> _Material shown_
****

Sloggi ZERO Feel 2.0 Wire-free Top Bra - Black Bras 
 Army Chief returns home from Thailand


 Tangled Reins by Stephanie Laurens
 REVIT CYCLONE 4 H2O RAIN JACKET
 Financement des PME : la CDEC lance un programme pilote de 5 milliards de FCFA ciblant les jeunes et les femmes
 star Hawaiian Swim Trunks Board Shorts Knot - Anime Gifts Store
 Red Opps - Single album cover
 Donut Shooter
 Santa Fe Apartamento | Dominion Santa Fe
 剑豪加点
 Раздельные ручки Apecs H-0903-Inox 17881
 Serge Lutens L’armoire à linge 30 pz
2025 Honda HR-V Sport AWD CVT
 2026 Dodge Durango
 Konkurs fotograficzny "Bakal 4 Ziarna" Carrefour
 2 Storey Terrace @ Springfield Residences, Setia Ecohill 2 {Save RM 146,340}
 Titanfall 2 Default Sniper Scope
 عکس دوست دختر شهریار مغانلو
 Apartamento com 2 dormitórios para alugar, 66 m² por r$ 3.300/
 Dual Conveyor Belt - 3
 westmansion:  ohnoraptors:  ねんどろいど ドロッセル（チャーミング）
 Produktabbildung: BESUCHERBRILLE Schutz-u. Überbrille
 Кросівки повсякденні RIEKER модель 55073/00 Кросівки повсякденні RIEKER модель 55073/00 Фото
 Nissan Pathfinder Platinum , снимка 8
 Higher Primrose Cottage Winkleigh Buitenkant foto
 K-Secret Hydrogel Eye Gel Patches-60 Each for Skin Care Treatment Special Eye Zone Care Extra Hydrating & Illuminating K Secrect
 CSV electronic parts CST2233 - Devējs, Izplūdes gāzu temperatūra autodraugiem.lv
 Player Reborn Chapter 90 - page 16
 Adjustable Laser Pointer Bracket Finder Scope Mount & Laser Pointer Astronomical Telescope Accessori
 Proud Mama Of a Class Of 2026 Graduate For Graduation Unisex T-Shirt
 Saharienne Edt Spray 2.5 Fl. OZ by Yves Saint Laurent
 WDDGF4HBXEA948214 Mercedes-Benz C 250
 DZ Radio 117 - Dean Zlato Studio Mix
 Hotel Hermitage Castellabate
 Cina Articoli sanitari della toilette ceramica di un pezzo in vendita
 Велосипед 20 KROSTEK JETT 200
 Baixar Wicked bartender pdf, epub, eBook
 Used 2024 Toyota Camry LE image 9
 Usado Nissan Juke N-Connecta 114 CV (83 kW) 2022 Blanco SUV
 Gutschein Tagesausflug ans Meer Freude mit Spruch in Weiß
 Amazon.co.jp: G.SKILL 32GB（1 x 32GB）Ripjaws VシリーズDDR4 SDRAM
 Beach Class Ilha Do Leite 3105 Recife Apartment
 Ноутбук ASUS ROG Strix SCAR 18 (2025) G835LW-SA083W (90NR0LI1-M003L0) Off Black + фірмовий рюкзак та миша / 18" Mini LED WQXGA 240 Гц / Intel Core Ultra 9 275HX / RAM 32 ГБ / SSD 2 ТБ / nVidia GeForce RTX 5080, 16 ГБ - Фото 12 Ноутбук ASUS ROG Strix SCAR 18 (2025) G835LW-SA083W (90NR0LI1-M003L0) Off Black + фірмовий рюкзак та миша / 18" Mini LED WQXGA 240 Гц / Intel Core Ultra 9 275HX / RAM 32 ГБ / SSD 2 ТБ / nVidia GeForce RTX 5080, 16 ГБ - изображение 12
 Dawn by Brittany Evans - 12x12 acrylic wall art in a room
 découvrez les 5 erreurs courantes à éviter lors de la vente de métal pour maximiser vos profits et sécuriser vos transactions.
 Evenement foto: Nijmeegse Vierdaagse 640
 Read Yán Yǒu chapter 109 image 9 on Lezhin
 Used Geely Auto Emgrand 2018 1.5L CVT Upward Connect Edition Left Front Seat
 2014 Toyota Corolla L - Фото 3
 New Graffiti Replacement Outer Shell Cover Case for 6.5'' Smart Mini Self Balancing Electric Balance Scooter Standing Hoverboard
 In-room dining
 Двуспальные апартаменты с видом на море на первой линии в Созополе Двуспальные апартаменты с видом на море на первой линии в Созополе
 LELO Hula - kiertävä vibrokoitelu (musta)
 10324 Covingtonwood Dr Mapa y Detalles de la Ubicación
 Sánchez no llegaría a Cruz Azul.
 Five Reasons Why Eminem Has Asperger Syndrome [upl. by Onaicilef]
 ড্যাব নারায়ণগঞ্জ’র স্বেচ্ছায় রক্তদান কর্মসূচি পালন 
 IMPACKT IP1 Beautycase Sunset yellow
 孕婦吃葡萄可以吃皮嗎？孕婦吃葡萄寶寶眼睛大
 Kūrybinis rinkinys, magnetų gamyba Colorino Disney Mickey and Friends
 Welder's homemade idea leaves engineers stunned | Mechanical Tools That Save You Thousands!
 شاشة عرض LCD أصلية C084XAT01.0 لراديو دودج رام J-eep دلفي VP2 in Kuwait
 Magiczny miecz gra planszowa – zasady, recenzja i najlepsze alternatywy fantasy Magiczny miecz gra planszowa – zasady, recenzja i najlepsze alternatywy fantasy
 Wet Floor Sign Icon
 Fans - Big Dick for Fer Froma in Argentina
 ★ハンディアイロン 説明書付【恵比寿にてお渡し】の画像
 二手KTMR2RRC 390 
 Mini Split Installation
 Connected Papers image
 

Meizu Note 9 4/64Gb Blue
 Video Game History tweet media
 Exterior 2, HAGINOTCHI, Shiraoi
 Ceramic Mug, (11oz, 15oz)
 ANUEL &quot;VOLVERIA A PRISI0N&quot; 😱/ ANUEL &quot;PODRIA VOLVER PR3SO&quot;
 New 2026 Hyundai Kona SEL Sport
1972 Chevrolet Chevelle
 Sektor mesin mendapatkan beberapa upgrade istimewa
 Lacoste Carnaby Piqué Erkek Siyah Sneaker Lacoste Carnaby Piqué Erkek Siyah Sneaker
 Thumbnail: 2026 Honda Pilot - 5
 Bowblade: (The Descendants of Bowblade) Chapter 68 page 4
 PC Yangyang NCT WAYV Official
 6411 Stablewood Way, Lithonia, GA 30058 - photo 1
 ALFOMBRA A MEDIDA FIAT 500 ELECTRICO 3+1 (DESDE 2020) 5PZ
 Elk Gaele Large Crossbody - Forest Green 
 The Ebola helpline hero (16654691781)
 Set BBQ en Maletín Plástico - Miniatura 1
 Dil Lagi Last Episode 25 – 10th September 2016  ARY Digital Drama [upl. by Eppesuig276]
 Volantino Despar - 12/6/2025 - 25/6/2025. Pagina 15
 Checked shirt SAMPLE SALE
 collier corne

****

> _Exercise objective_
Would you quote everything above from the line containing "عکس دوست دختر شهریار مغانلو" down to the line containing "Higher Primrose Cottage"? Include both of those lines and nothing else.

> _Exercise response_
 عکس دوست دختر شهریار مغانلو
 Apartamento com 2 dormitórios para alugar, 66 m² por r$ 3.300/
 Dual Conveyor Belt - 3
 westmansion:  ohnoraptors:  ねんどろいど ドロッセル（チャーミング）
 Produktabbildung: BESUCHERBRILLE Schutz-u. Überbrille
 Кросівки повсякденні RIEKER модель 55073/00 Кросівки повсякденні RIEKER модель 55073/00 Фото
 Nissan Pathfinder Platinum , снимка 8
 Higher Primrose Cottage Winkleigh Buitenkant foto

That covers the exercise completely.